US-China tariff suspension eases 'fear' in markets
VIX Index falls to pre-tariff reciprocity period with 90-day tariff suspension, as market volatility declines, experts say

ISTANBUL
The US-China 90-day tariff suspension agreement that was made in Geneva last weekend eased fears in the markets, as the VIX Index, or the fear gauge that measures market volatility, dropped to levels unseen since Washington’s sweeping tariffs were unveiled last month.
The US and China have been in a tariff war, but the two countries held high-level talks in Switzerland to decide on lowering the levies.
The US will reduce its tariffs on Chinese goods from 145% to 30% and China will decrease its tariffs on US goods from 125% to 10%, according to the agreement.
US President Donald Trump said at a news conference that a new chapter was opened with China and that China will suspend and lift all non-monetary barriers.
The VIX, which shows fluctuations in the S&P 500, fell 17% to 18.2, reaching levels of the pre-tariff reciprocity period, or before April 2, the so-called Liberation Day.
The VIX Index tested its highest since March 2020 at 65.73 due to recession concerns led by labor statistics released in August 2024. The index’s highest rate was seen in the global economic crisis in September 2008 at 89.5.
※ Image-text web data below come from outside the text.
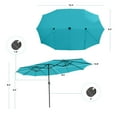 thumbnail image 3 of Costway 15 FT Twin Patio Double-Sided Umbrella 48 Solar LED Lights Crank Outdoor Turquoise, 3 of 8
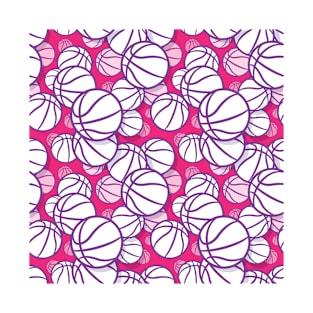 Pink and White Basketball Pattern T-Shirt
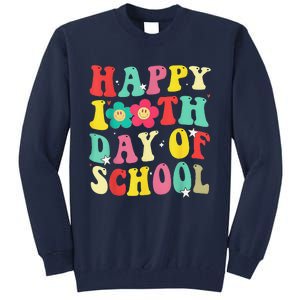 Happy 100th Day Of School Tie Dye Rainbow 100 Days Smarter Tall Sweatshirt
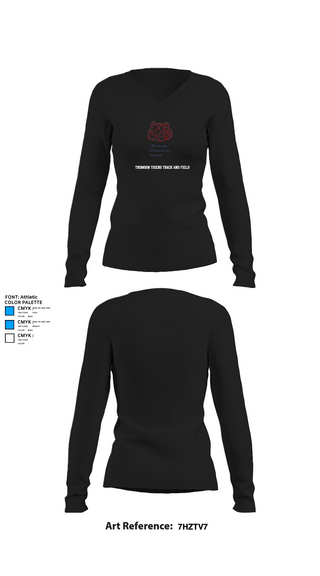 Womens Long Sleeve Vneck Shirt, Thomson Tigers Track and Field, Track & Field, Teamtime, Team time, sublimation, custom sports apparel, team uniforms, spirit wear, spiritwear, sports uniforms, custom shirts, team store, custom team store, fundraiser sports, apparel fundraiser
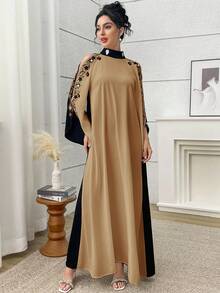 Al Najma Vestido casual de mujer con cuello alto, estilo árabe con aplicaciones - Caqui - Ver 4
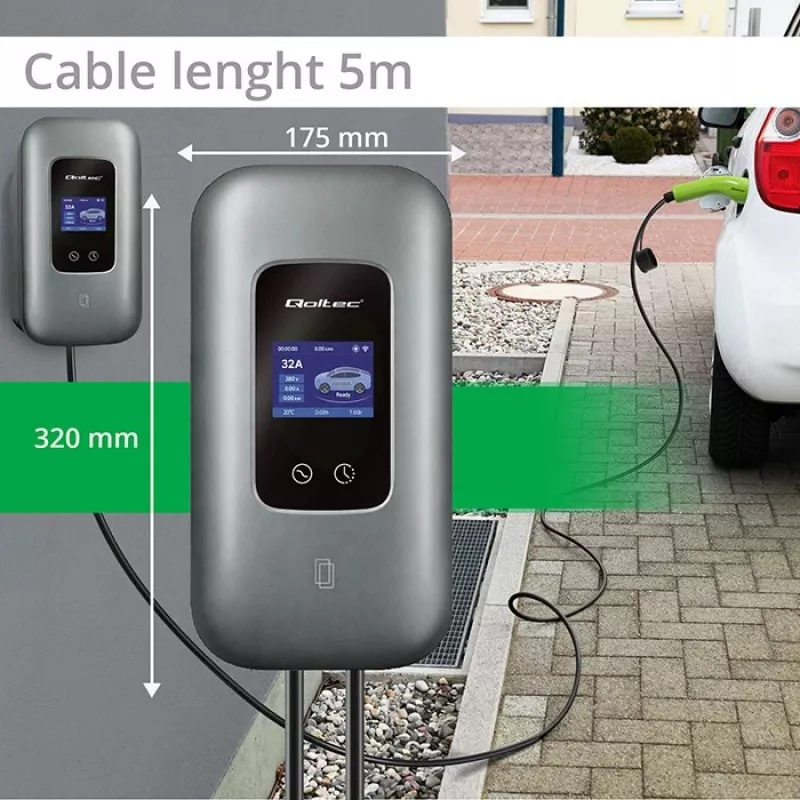 Stazione di ricarica EV QOLTEC trifase 22 kW 32 A con WLAN (modello 52723)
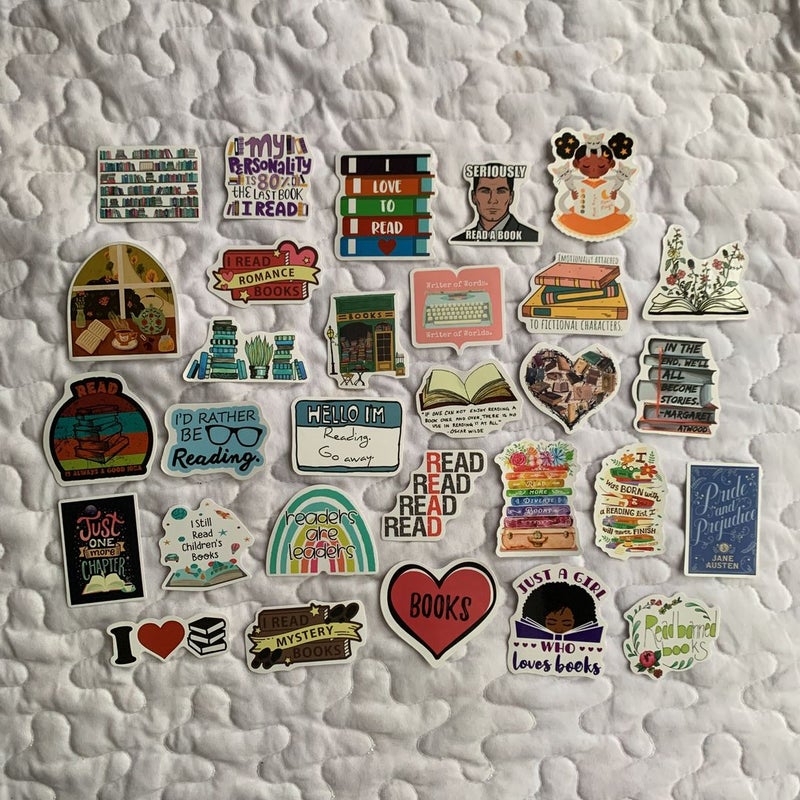 5 BOOK RELATED STICKERS! 📚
The index climbed to 60.13 in April due to the effects of the tariffs and US negotiations with major trade partners.
Zafer Ergezen, a futures and commodity markets expert, told Anadolu that the US and China eased some of the global uncertainties, which pulled down the VIX Index, and the main reasons for the recent market volatility was concerns about slowing global trade, led by the tariff war, which was reflected in gold prices reaching records week after week.
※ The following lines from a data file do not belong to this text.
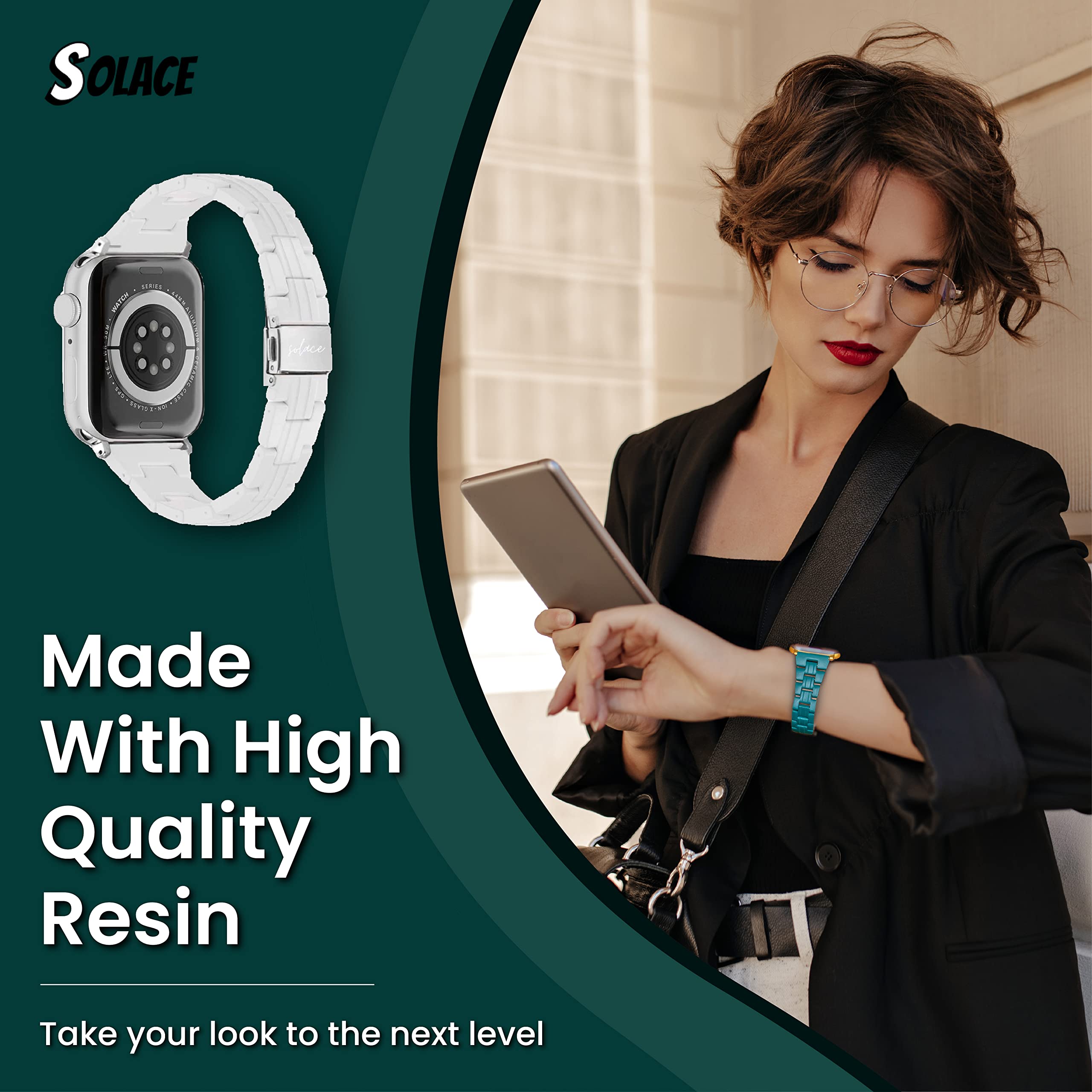 Solace Bands Slim Matte Resin Watch Band - Universal Fit for Apple Watch 38mm 40mm 41mm 42mm 44mm 45mm 49mm (All Series & Ultra) - Durable Unisex Replacement Strap for Workout, Office & Everyday Wear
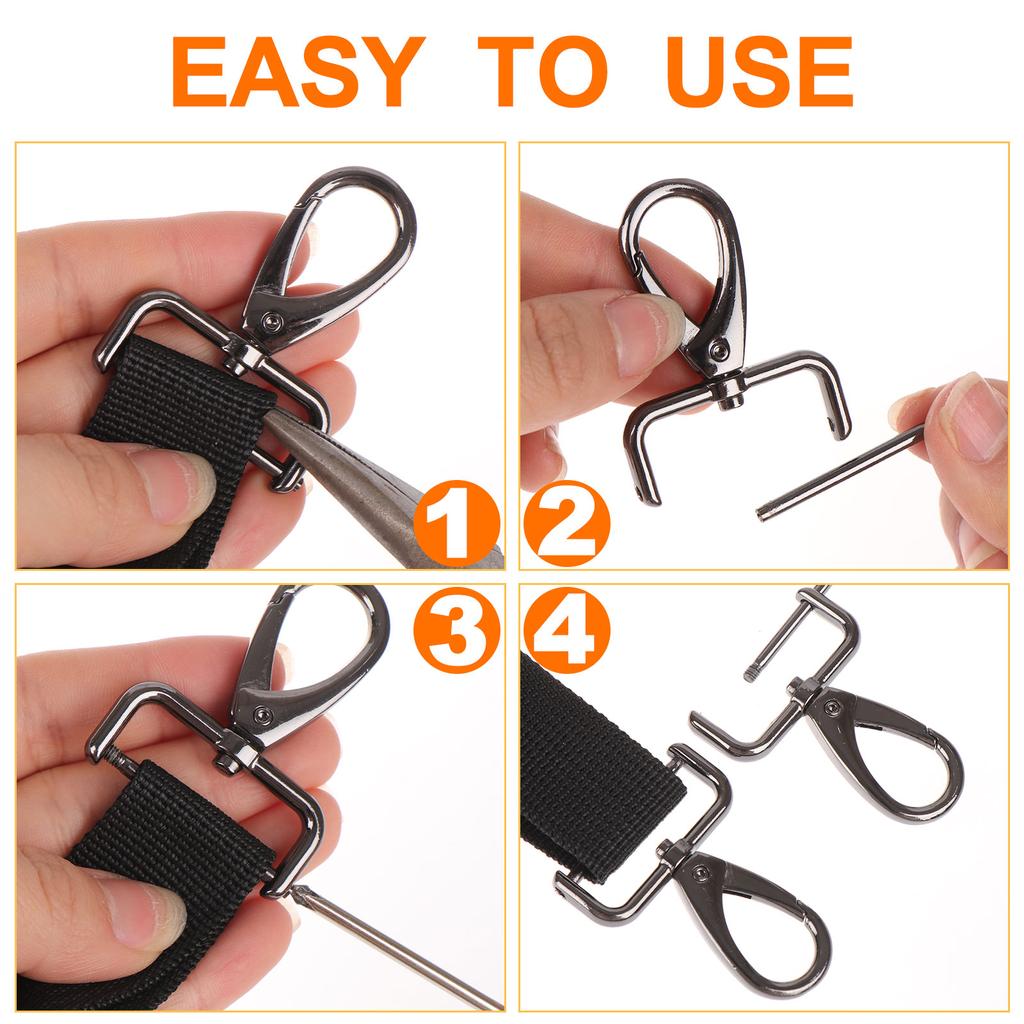8 Pices Replacement D-Rings Swivel Snap Hooks Rotatable Push Gate Clip Lobster C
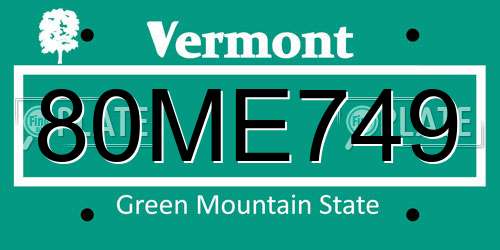 80ME749 Vermont License Plate
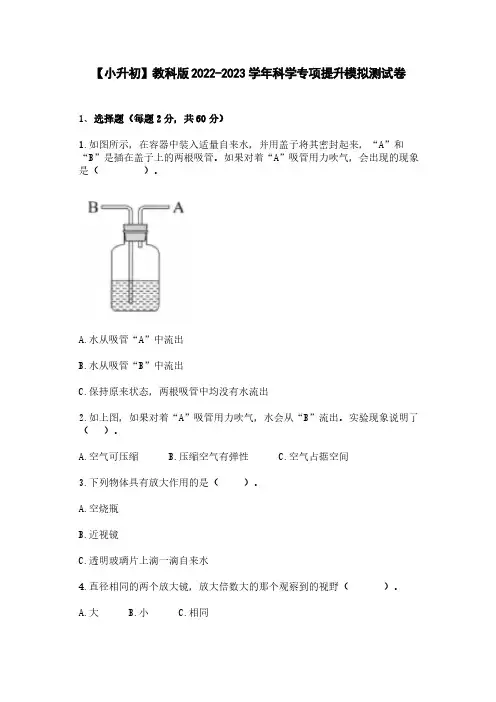 【小升初】教科版2022-2023学年科学专项提升模拟测试卷(含解析)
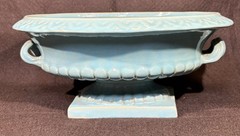 Turquoise Ceramic compote bowl w/relief decoration and handles. Made In Italy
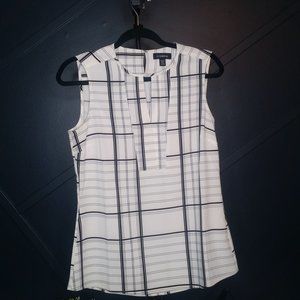 Le Chateau Black and White plaid Tank Blouse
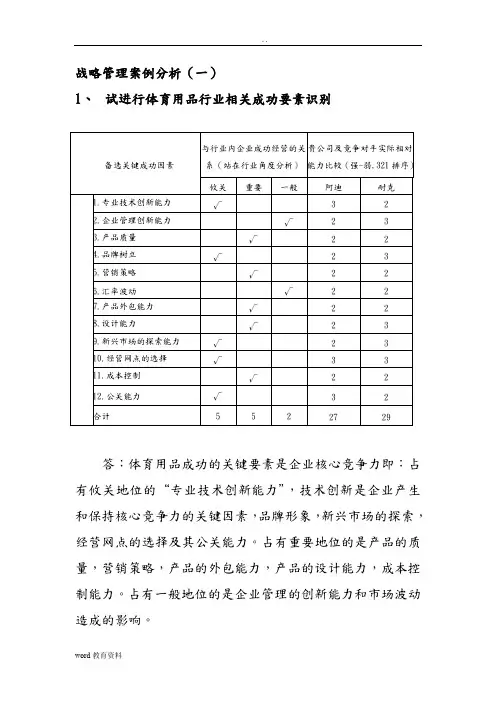 工商管理MBA作业 战略管理案例分析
Ergezen said that the risk perception drastically rose in the uncertain atmosphere, but the recent tariff agreement eased some of the uncertainties.
“As the VIX declined, the US Dollar Index began to rise again and oil prices went up, while the safe-haven gold recorded significant losses with uncertainties waning,” he said.
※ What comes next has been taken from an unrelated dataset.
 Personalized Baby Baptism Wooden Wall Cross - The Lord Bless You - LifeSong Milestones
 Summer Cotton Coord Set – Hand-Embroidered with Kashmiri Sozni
“We have yet to see the full effect of the expectations to end the war in Ukraine, the easing of the conditions in the Middle East, and falling geopolitical risks but these have, so far, raised the optimism in the markets,” he added.
Ozgur Hatipoglu, an international market strategist, told Anadolu that the options market does not estimate more risks on the index side, namely the S&P 500.
“Some two weeks ago, the markets were in the selling mode when it came to everything related to the US but now, they have switched to the buying mode, and it seems this will go on for a while,” he said.
Hatipoglu stated that there has yet to be a clear sign of a broad rally in market breadth indicators despite the rise in the index.
“But we want to see the spread to the base keep on going for a few more days to confirm the strength of this rally–in any case, we can say the indexes are pointing up,” he added.